**EXERCISE DIRECTIONS:** Using the listing below, output only the lines from the one that contains "Những con số" through the one that contains "Накопительный водонагреватель Electrolux", inclusive, exactly as given and without images.

**TASK MATERIAL:**

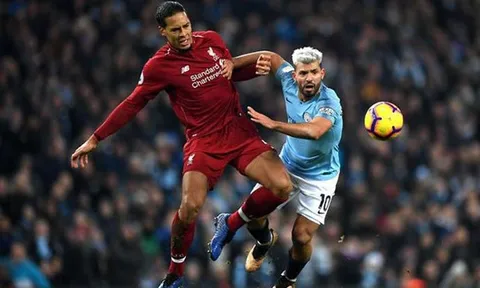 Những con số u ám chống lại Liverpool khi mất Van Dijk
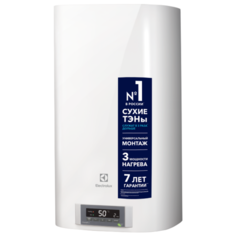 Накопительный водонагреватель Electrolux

==

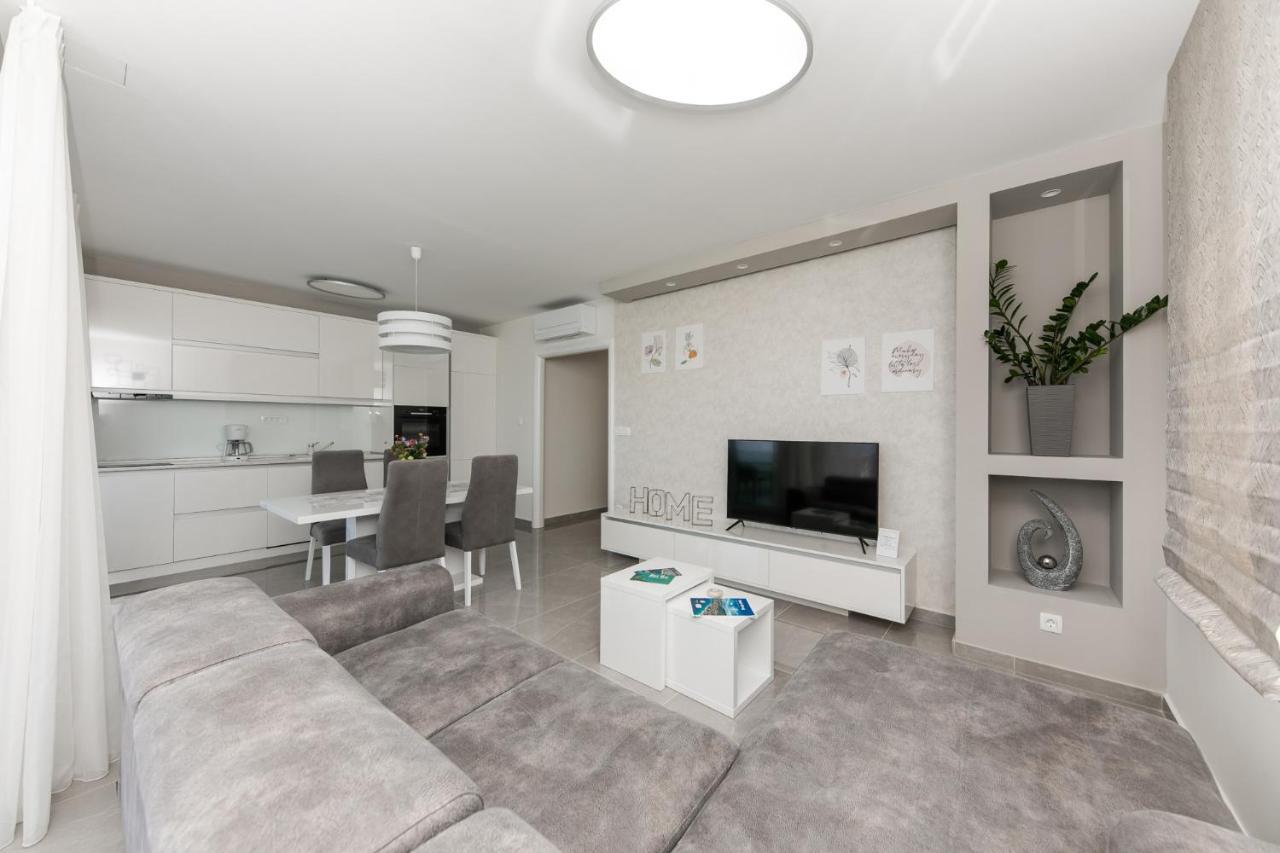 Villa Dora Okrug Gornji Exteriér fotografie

--

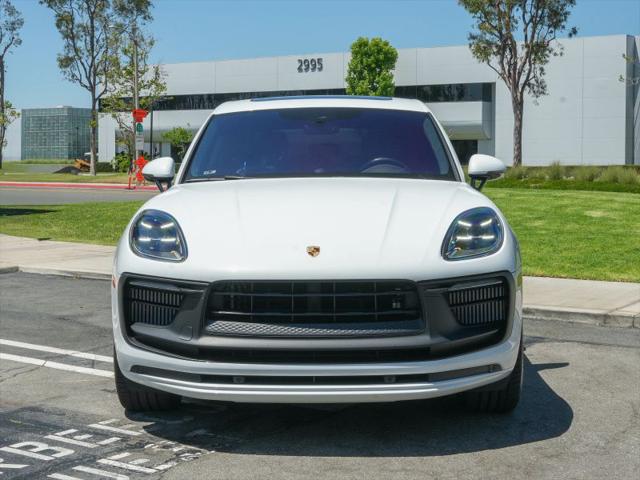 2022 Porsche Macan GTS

**THE COMPLETED TASK:**
 Những con số u ám chống lại Liverpool khi mất Van Dijk
 Накопительный водонагреватель Electrolux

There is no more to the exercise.